Your task —
Every line below from the one with "5/8 inches in" through the one with "Może przedstawiać: Biały" is to be repeated exactly, with no picture among them.

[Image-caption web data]
______

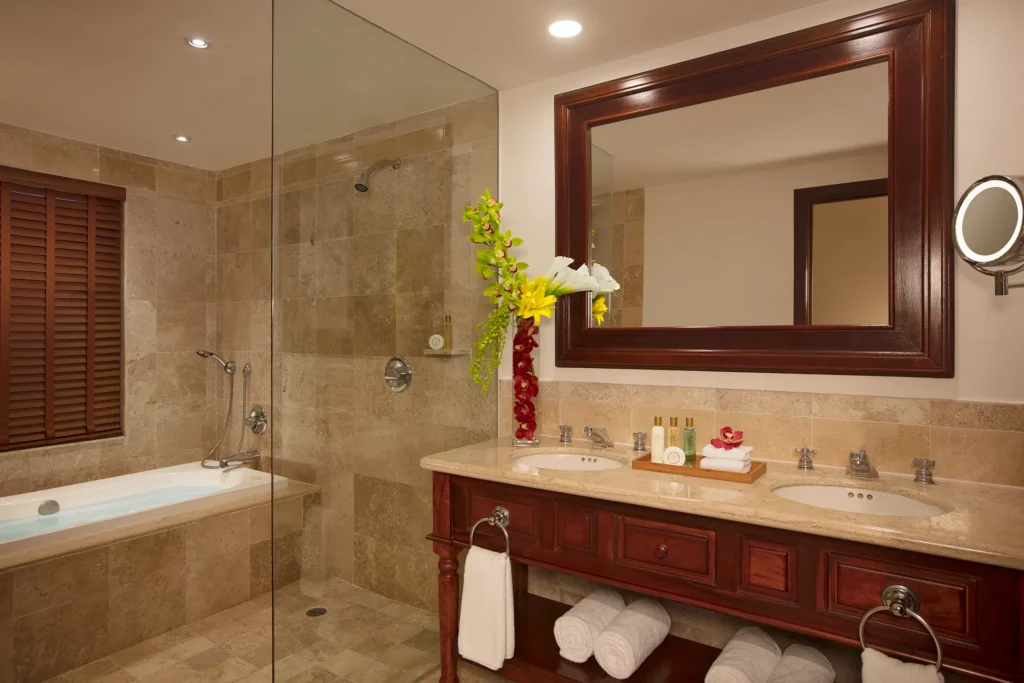 Marble bathroom with double vanity, walk-in shower, soaking tub, and large mirror in the Preferred Club Junior Suite Ocean Front at Dreams Tulum Resort & Spa.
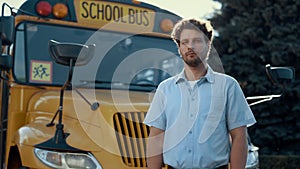 Thoughtful bus driver standing in front yellow vehicle looking camera close up.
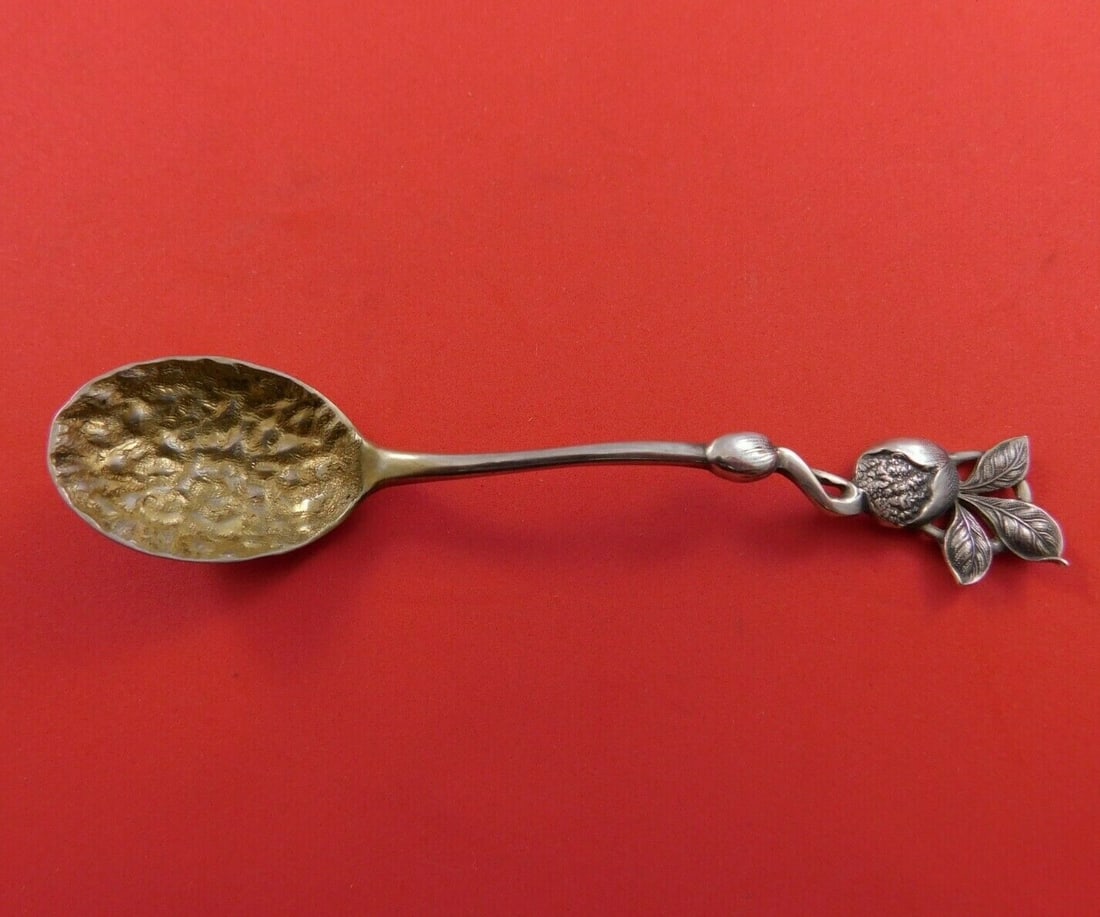 Shiebler Sterling Silver Gold Washed Nutmeg Spoon 4 5/8" Figural: Shiebler Sterling Silver Gold Washed Nutmeg Spoon 4 5/8" Figural This exquisite nutmeg spoon from Shiebler is crafted from sterling silver and features a luxurious gold wash. Measuring 4 5/8 inches in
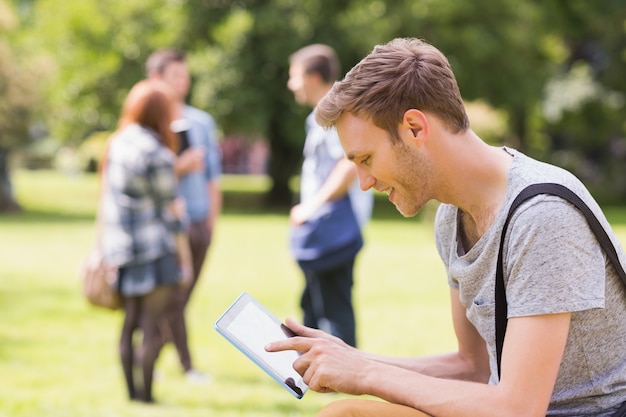 Studente bello che studia fuori nel campus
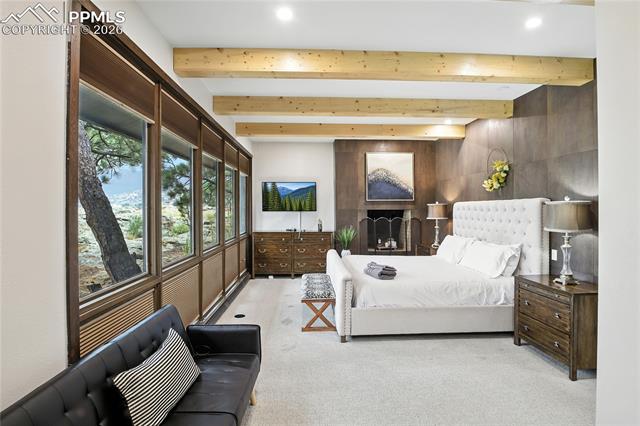 Bedroom with beam ceiling and light colored carpet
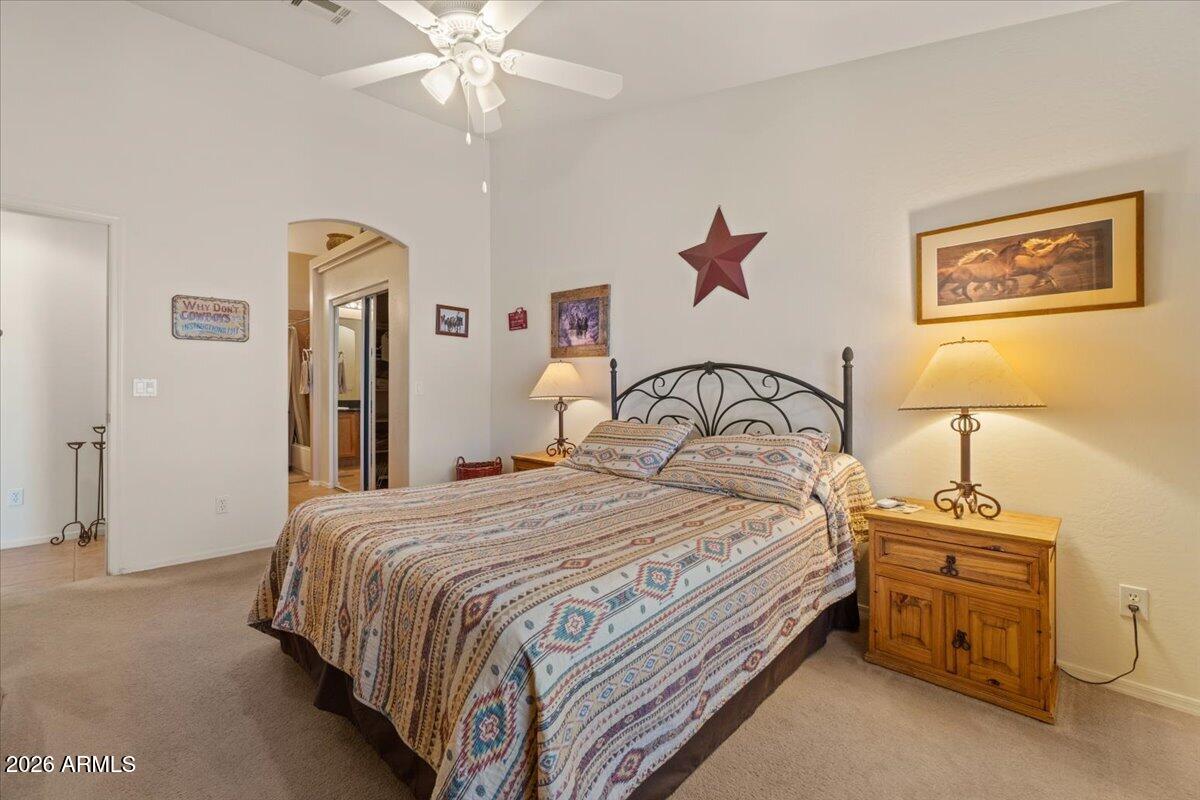 14234 South Capistrano Road Arizona City, AZ 85123 - Photo 19 of 42 a bedroom with a bed and a chandelier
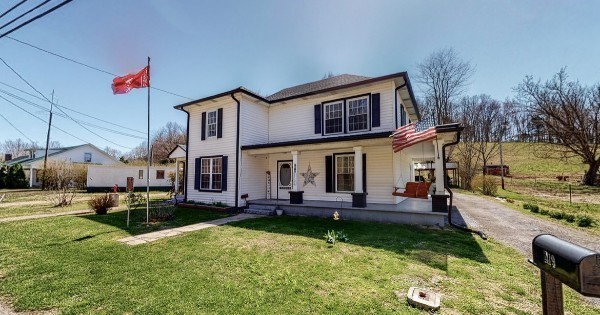 419 East Main Street Red Boiling Springs, TN 37150 - Photo 4 of 44 a front view of a house with a yard table and chairs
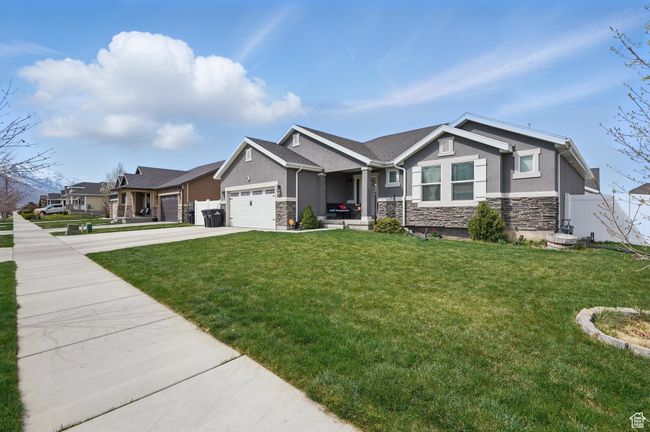Craftsman inspired home with an attached garage, stone siding, fence, stucco siding, and driveway | Image 4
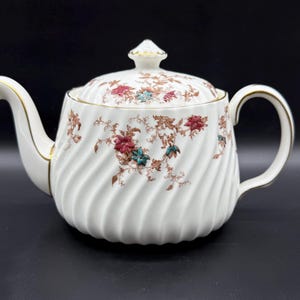 Może przedstawiać: Biały porcelanowy imbryk z spiralnym wzorem i kwiatowym wzorem w kolorze czerwonym, turkusowym i brązowym. Imbryk ma złote wykończenie na uchwycie, wylewce i pokrywce. Klasyczne akcesorium do herbaty.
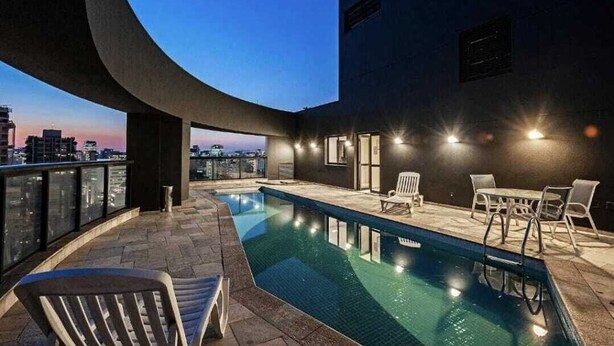 A rooftop pool area with a clear view of the city skyline at dusk. - Flat com Cozinha Completa em Hotel Slaviero em Moema (Indianópolis São Paulo)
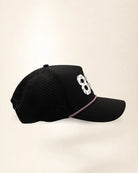 The 863 Signature Hat (Black), right side view: perforated side panel, palm badge, pink and white rope, edge of the white 863.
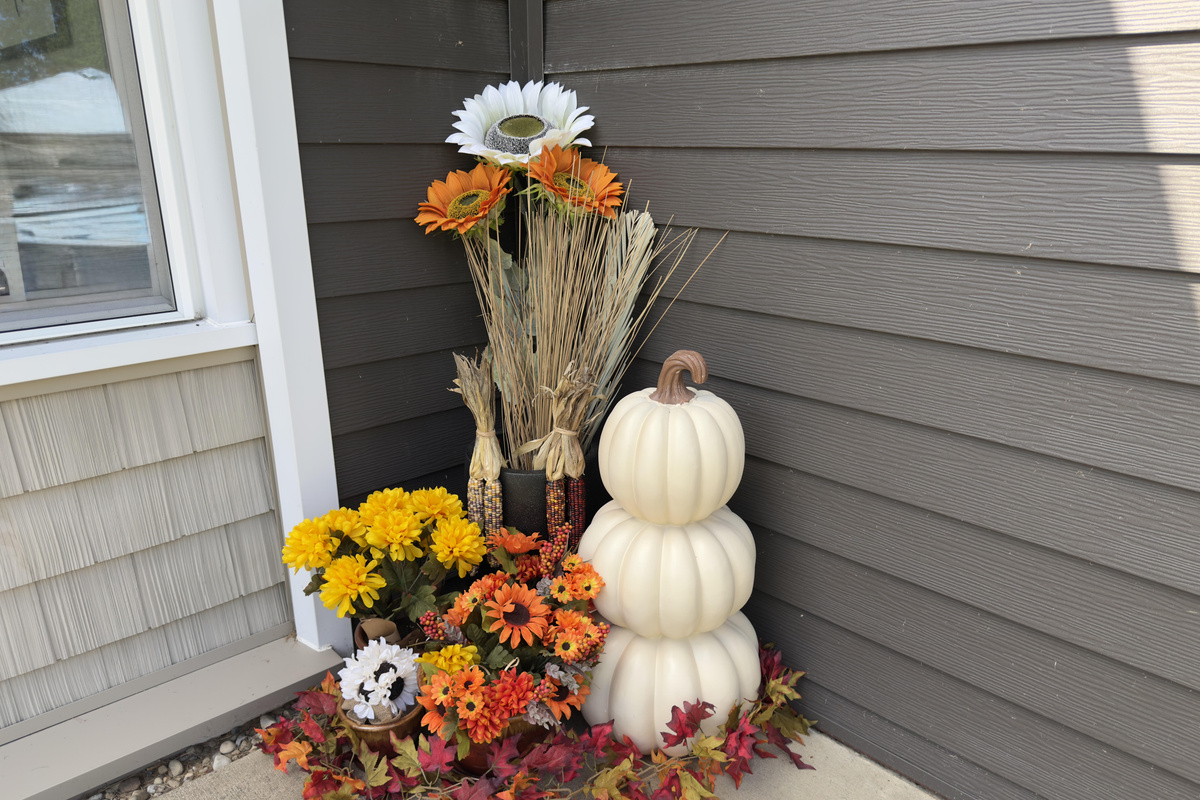 Welcoming front entrance dressed with seasonal fall accents.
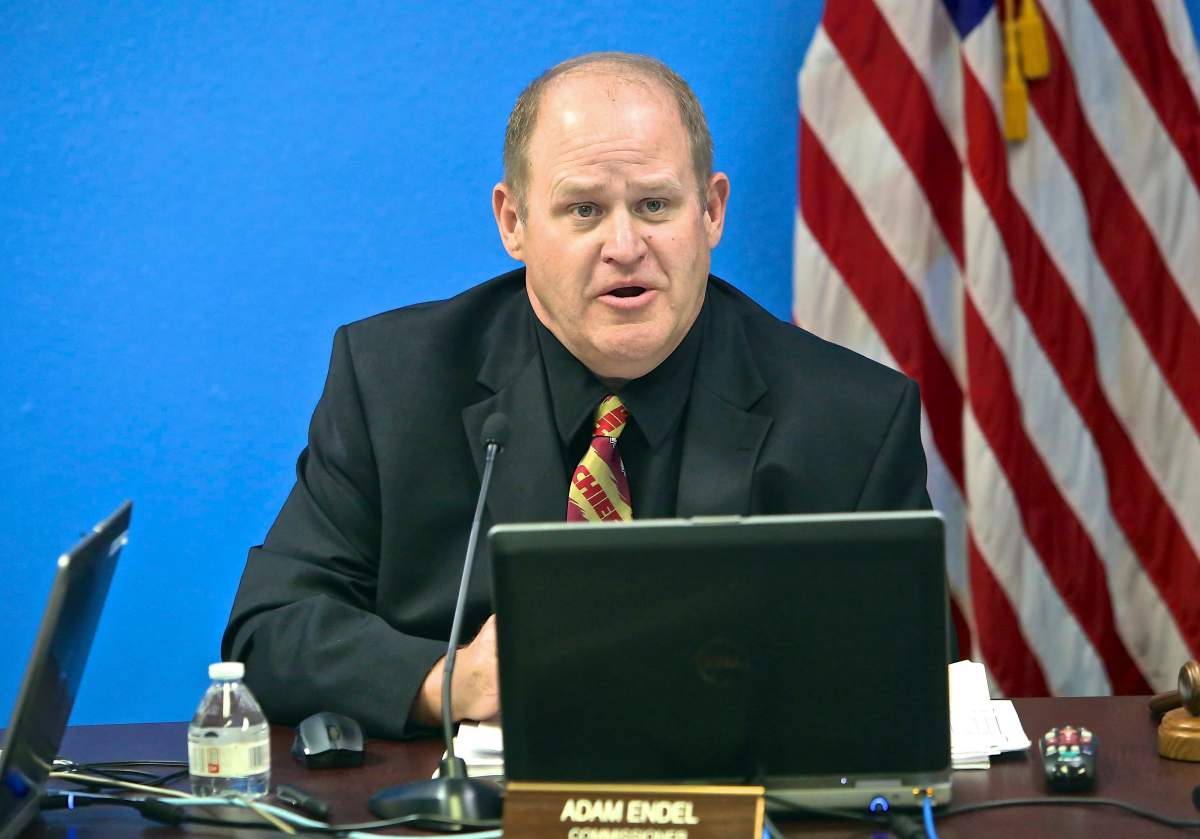 Nevada parole commissioner Adam Endel wears a Kansas City Chiefs tie while listening to testimony from former NFL football star O.J. Simpson, who is appearing by video conference, during Simpson’s parole hearing in Carson City, Nev., Thursday, July 20, 2017.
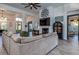 Open living space with large sectional sofa and fireplace at 720 Napoli Ln, New Smyrna Beach, FL 32168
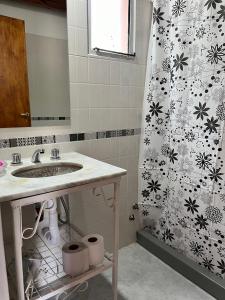 un bagno con lavandino e tenda da doccia di La Floridita a Puerto Pirámides Altre 32 foto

______

Written solution —
 Shiebler Sterling Silver Gold Washed Nutmeg Spoon 4 5/8" Figural: Shiebler Sterling Silver Gold Washed Nutmeg Spoon 4 5/8" Figural This exquisite nutmeg spoon from Shiebler is crafted from sterling silver and features a luxurious gold wash. Measuring 4 5/8 inches in
 Studente bello che studia fuori nel campus
 Bedroom with beam ceiling and light colored carpet
 14234 South Capistrano Road Arizona City, AZ 85123 - Photo 19 of 42 a bedroom with a bed and a chandelier
 419 East Main Street Red Boiling Springs, TN 37150 - Photo 4 of 44 a front view of a house with a yard table and chairs
Craftsman inspired home with an attached garage, stone siding, fence, stucco siding, and driveway | Image 4
 Może przedstawiać: Biały porcelanowy imbryk z spiralnym wzorem i kwiatowym wzorem w kolorze czerwonym, turkusowym i brązowym. Imbryk ma złote wykończenie na uchwycie, wylewce i pokrywce. Klasyczne akcesorium do herbaty.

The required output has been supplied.